Giter Site home page Giter Site logo

Comments (7)

elBoberido avatar elBoberido commented on May 25, 2024 1

@avikde oh, can you use SIGTERM instead of SIGINT? The latter might cause issues.

from iceoryx.

elBoberido avatar elBoberido commented on May 25, 2024

@avikde if an application is killed there is indeed the chance that it affects RouDi. Do you see this behavior also when the applications are terminated gracefully?

The Falling back to built-in config log message is weird. This should not happen during runtime. Similar with the Re-registering application log message. Can you run RouDi with -l verbose and give us the log messages?

Can you check the content of /dev/shm once the problem occurs?

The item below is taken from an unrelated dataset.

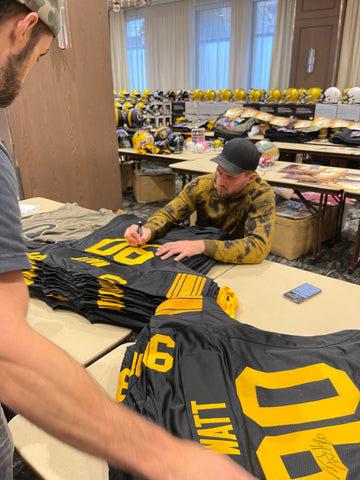 TJ Watt signing custom Steelers Jerseys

Also, we are about to release iceoryx1 v3.0. Can you check if the problem still persists on the current master?

from iceoryx.

avikde avatar avikde commented on May 25, 2024

@elBoberido thanks for your response. Just FYI I am trying to collect info with -l verbose now, the issue is still the unpredictability... We have it on a loop constantly sending SIGINT to stop (which is normally how the software is used) and restarting and we may have to keep running it for a few days to see if it shows up again. We will have the log if it does.

from iceoryx.

avikde avatar avikde commented on May 25, 2024

Hi, @elBoberido thanks for your responses, I really appreciate it. I tried SIGTERM but unfortunately of course it doesn't let our programs clean up resources nicely, and I don't we can use it in our software release.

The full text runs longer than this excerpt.